Expression trees and pattern matching [C#]

Introduction

During my last .NET workshop, I received a question about expression trees. The participant had reported a magic bug in Jira that needed to be resolved. They used the OData protocol, and during one of the HTTP requests, a strange exception was thrown by the Entity Framework. The OData protocol is based on REST and provides the whole query language encoded directly in the URL address of the HTTP request. Here you can find sample queries. The following sample URL https://services.odata.org/Northwind.svc/Products?$filter=Price gt 3 and Price le 200 expresses a query condition ... Where Price> 3 && Price <= 200. .NET provides official libraries supporting the OData protocol. URL query is automatically translated to an expression tree representing a LINQ query and then sent to the configured LINQ provider, like Entity Framework. So there is a lot of magic involved in the process.

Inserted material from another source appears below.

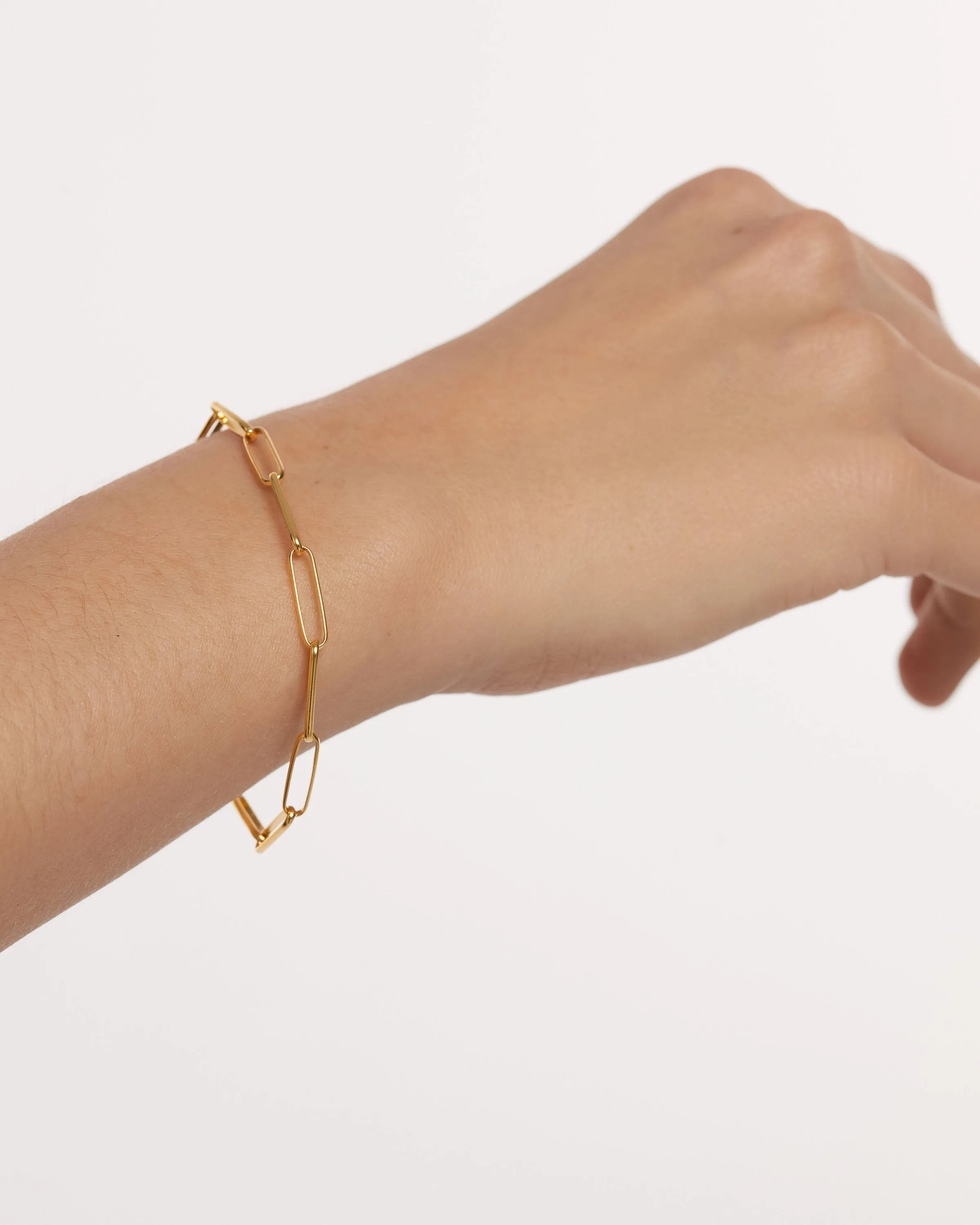 Big Statement Chain Bracelet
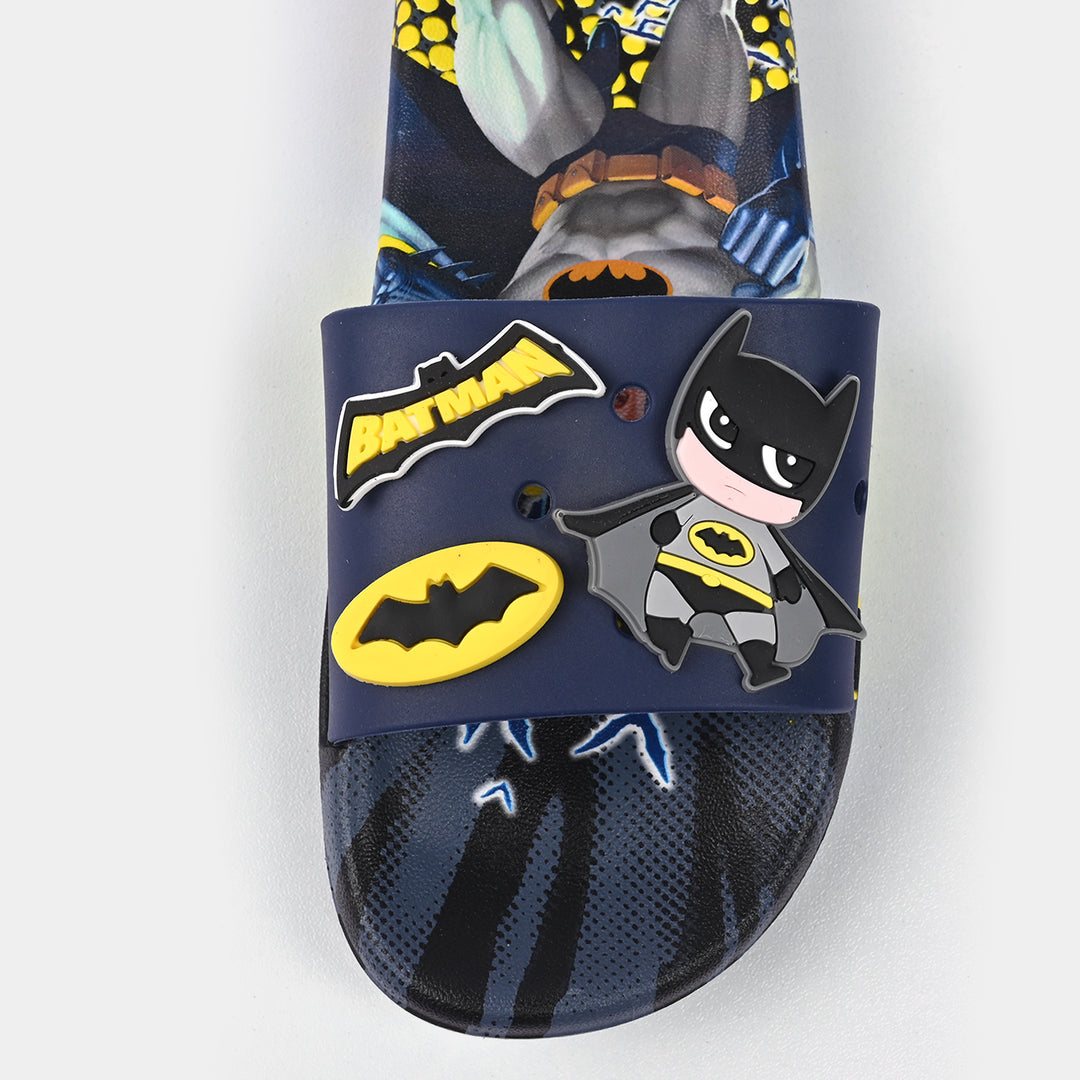 Character Boys Slippers -Black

The error message said only something like ... query '(int p) => ((p.CompareTo(3) > 0) AndAlso (p.CompareTo(200) <= 0))' is not supported by Entity Framework. The problem was the translation from the URL into the expression tree. Logically, the query is correct. p is a price of type int that contains the method CompareTo, comparing two numbers. It returns a number greater than, less than, or equal to zero. Entity Framework probably didn’t support such a condition, expecting something like this (int p) => p > 3 && p <= 200. To fix the problem, we must somehow transform an expression tree in flight. But first, let’s introduce some basic information about expression trees in C#.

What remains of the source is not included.